Search index is lost

jlaehne · February 19, 2020

I had my whole library (approx. 10k titles across several groups) indexed for full text search - with <100 unindexed papers remaining, probably all scanned PDFs. Now I checked my Index Statistics again, and more than 90% of the files are Unindexed, while only an odd number of 752 files is indexed.

I had the same already last week and rebuilt the index, which was kept for several days, but then lost again. Any idea where such a bug could come from?

dstillman · February 19, 2020

One possibility would be that you're somehow starting afresh with a new database and pulling down items via sync, though you'd presumably notice that.

Another possibility is that you used ZotFile to move the attachment items, which I believe actually deletes and recreates the items, which would clear the index entries.

There's not really any code in Zotero to clear full-text index entries for existing items other than the code that runs when you clear the index manually.

jlaehne · February 19, 2020

Well, after I tried to index a small remainder on my home computer he actually started syncing a lot and the index is depopulating - so it looks like #1, but why is he suddenly rebuilding the database?

ZotFile can be ruled out as it also happened to a colleague who does not have ZotFile installed (I have it installed but am using the zotero storage now).

dstillman · February 19, 2020

Well, #1 was specifically somehow ending up with a new, empty database (say, from changing your Zotero data directory setting without moving your data) and then syncing to pull down data from the online library, not just ongoing syncing.

But you're saying that you did something on another computer and then just synced your existing library on this computer and the index shrunk? What exactly did you do on the other computer? If you can reproduce this, can you provide a Debug ID for a sync where the index shrinks in size?

jlaehne · February 19, 2020

Well, I will try to catch a similar situation and produce a Debug ID.

I switched to another computer, just because I went home.

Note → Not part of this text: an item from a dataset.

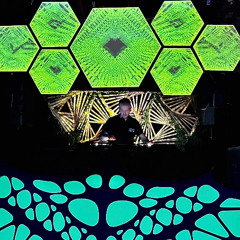 Cosmic Seeds x TATORT.Kollektiv @ Triptychon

Then checked the search index and it looked good. Anyway, I chose to rebuild the index with the option to index only unindexed files. At some point he then a large automatic sync for which I do not see the motivation. Afterwards, I had 7k less files indexed. I checked the storage directory, a large number, but only 2k, folders were changed recently. Also, a backup of the zotero.sqlite database was created and the new one was only half as big as the original one.

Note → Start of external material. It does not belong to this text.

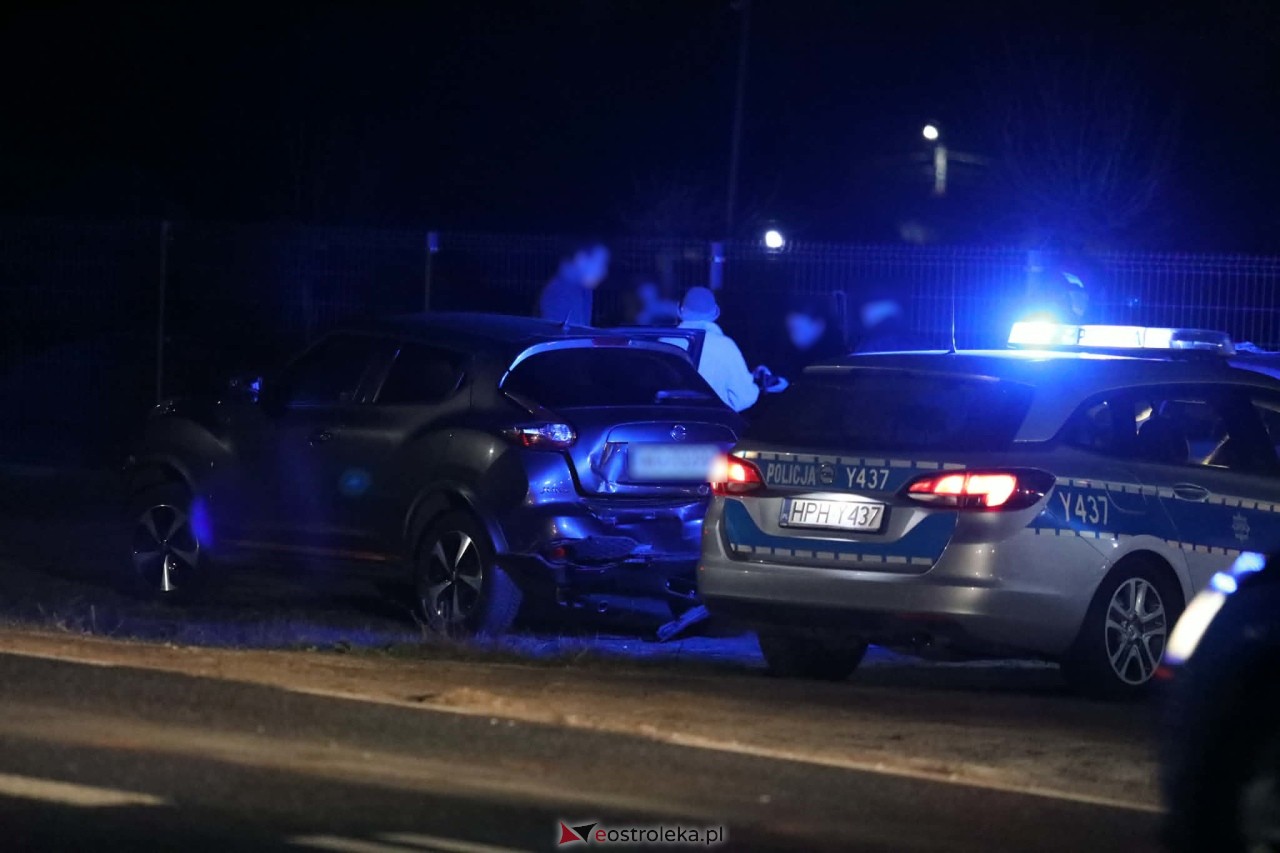 Kolizja na Mazurskiej w Antoniach [08.12.2025] - zdjęcie #18 - eOstroleka.pl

jlaehne · February 21, 2020

I finally managed to catch part of a sync where the index is shrinking,
it is the debug ID: D1498775293
And another more extensive one, which also catches the end of that sync: D1317263503

No idea, what triggered this extensive full-text sync, as only a handful of files should have been changed in the meantime.

It is quite annoying, I basically rebuild the index every day and sometime later it is largely depopulated again. A colleague of mine came to me with the same problem.

jlaehne · February 28, 2020

It does not happen any more since I gave up building the search index both on my office and home PCs. Now I have it only in the office and it is stable.

Could it be that building the search index on a second PC changes the properties of the PDF in some way so that the first PC thinks the PDF has changed and thus throws it out of the index?

dstillman · February 29, 2020

Yes, exactly that. If you reindex items on one computer, as far as Zotero is concerned that's new full-text content that hasn't yet been synced to other computers, so it will mark the items on other computers as needing to be indexed ("Queued", in the right-hand pane) until the new content is processed in the background, and in the meantime the items won't show up in full-text searches. I guess technically it'd be better if they were simply marked as needing to be reindexed without throwing out the old content, but this mostly doesn't come up.

Why exactly are you reindexing things at all? Generally speaking, you shouldn't need to use any of the manual indexing/reindexing functionality — this all should just work automatically, indexing things immediately on the computer where you added them and on idle after syncing on other computers. The main reason to use manual indexing would be if you OCRed items yourself after adding them to Zotero, but in that case there wouldn't be content on other computers to begin with, so the current behavior wouldn't be a problem.

jlaehne · March 1, 2020

I reindexed the library, because it was far from completely indexed (less than 10%) and then full-text search does not make much sense. Then, I went to the other computer and also rebuild the index (for not indexed items) to have a complete search index there as well. But that killed the index on the first one again ...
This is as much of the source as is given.